YOU don't hear the waves until you listen to them.
Then you can't hear anything else.
It's a roar and a hiss, and it comes from far over the horizon.
It was grey and brown at Goodrington in the late afternoon, and once you had cleared your mind and started to listen, the sound of the waves was intense.
They came quickly, one after the other, stroppy grey one-foot waves with foam on the top, racing in from the east and then laying themselves out on the soft, flat red-brown sand, pushing foam like the head on a bad pint.
The sky was grey, the sea grey and the coastline grey all the way to Brixham, where streets and shops and houses were lit up for the late afternoon.

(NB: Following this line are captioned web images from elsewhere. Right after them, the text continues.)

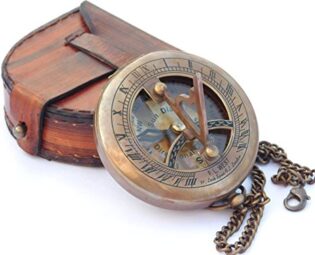 NEOVIVID Brass Sundial Compass with Leather Case and Chain - Push Open Compass - Steampunk Accessory – Unique Gift for Men - Beautiful Handmade Gift - Sundial Clock – Sun Clock – Steampunk Clock steampunk buy now online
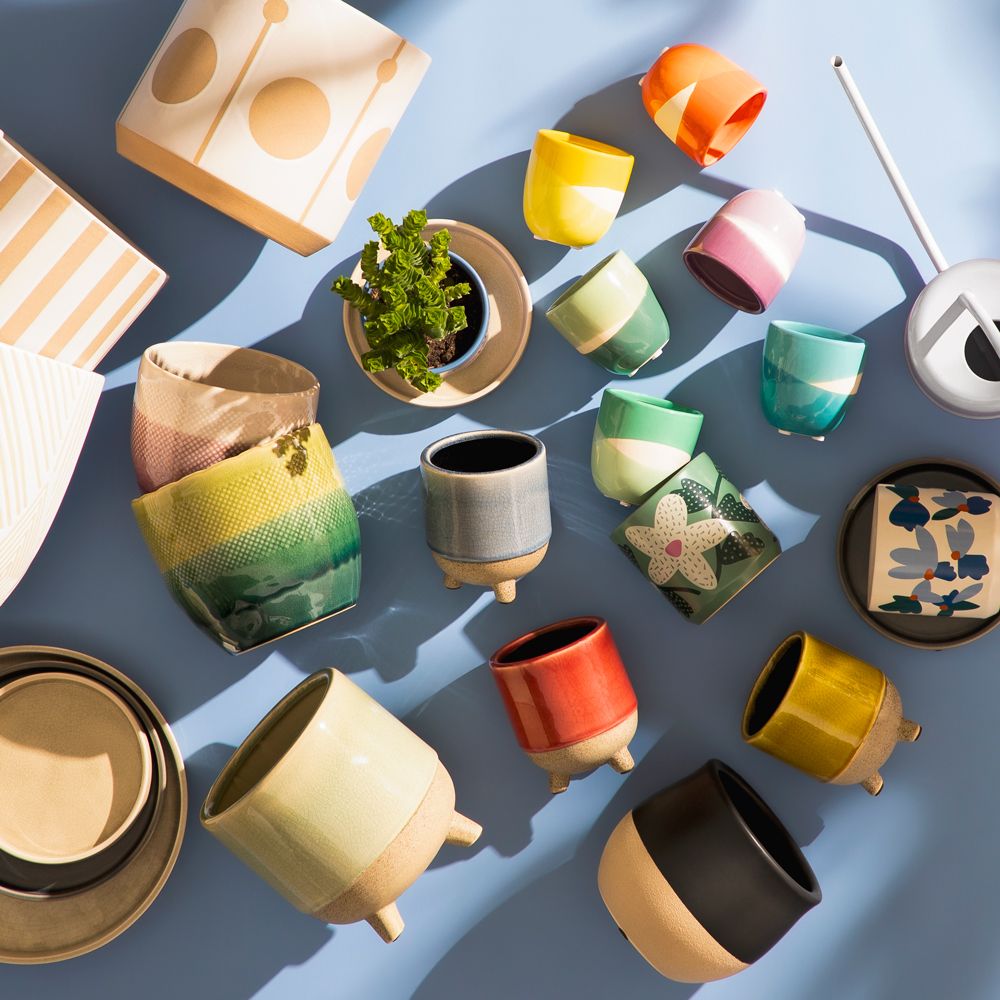 Maceta de cerámica bicolor 8.5x8.5 cm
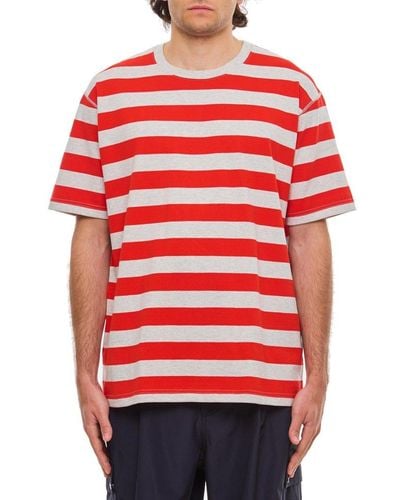 Junya Watanabe Striped Crewneck T-shirt - Red
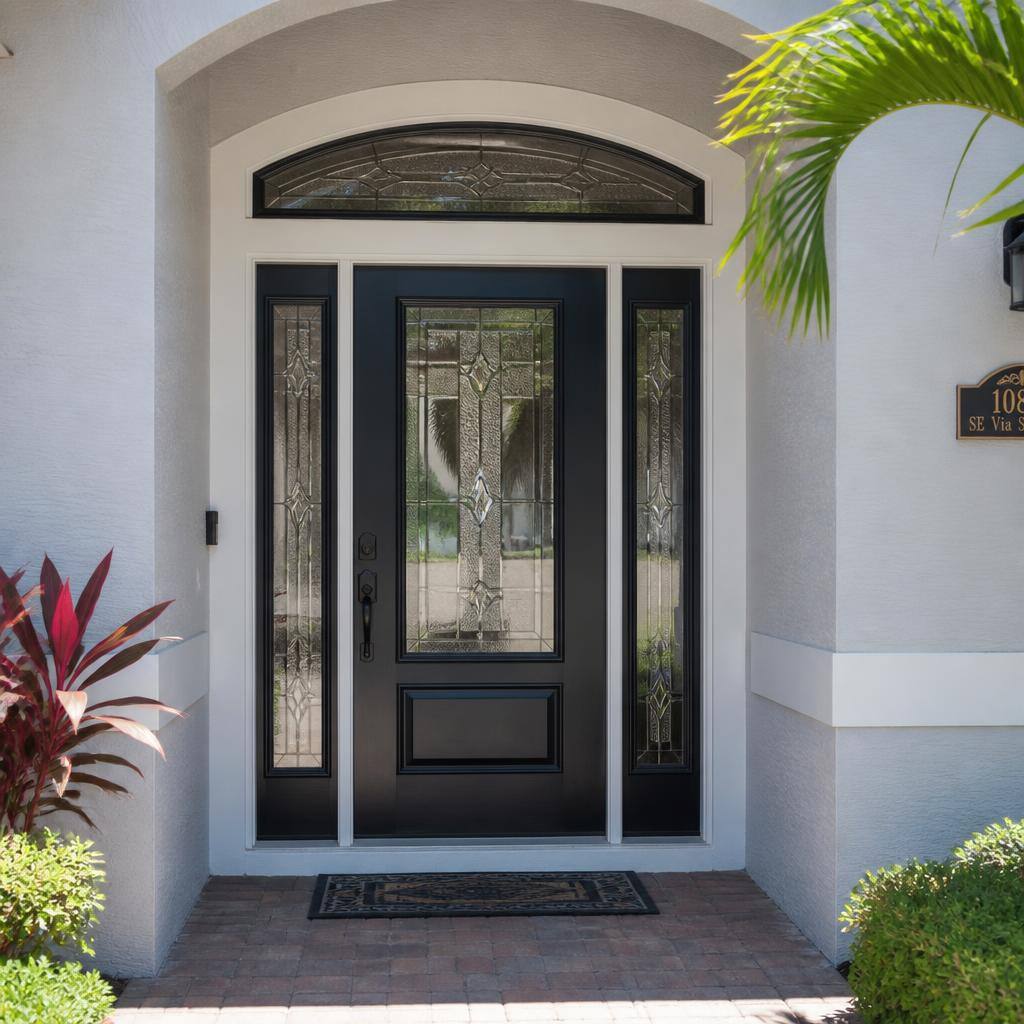 Elegant new front entry door with glass accents on a Florida home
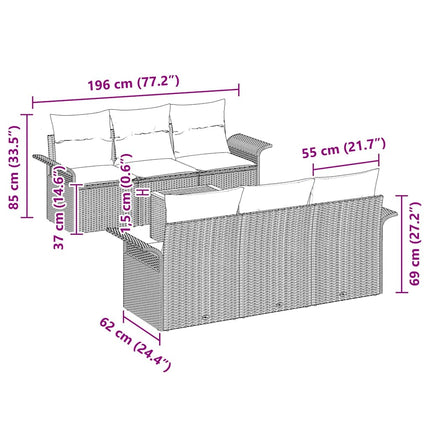 Havesofa Sæt 7 stk. 6-Antal sæder Beige og lys grå polyrattan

Reg and I did the South Sands down and back, turning at the closed kiosk. Then when we got back to the middle we did the North Sands up and back, turning where the grumpy sea rolled against the concrete steps.
The easterlies have pulled the sand out from the bottom of the wall and replaced it with shingle. Winter storms will make great troughs in the beach where the waves hit the wall, but next spring the sand will be back again.
Winter falls quickly on seaside towns.
One day you are out in your short sleeves and sunglasses. The next you have your collar up against the scuffing grey wind and your dog has his ears flat and his eyes squinting into the wind.
Kiosks are closing for winter.

Monday, 31 October 2011

Minutes to Movember

I have just had a shave.
I wouldn't normally share such intimate personal details. It's not that kind of blog.
But reaching midnight on Halloween with one's face clean-shaven is one of the rules of Movember.
For the next month I shall be joining many thousands of other chaps up and down the country growing a moustache.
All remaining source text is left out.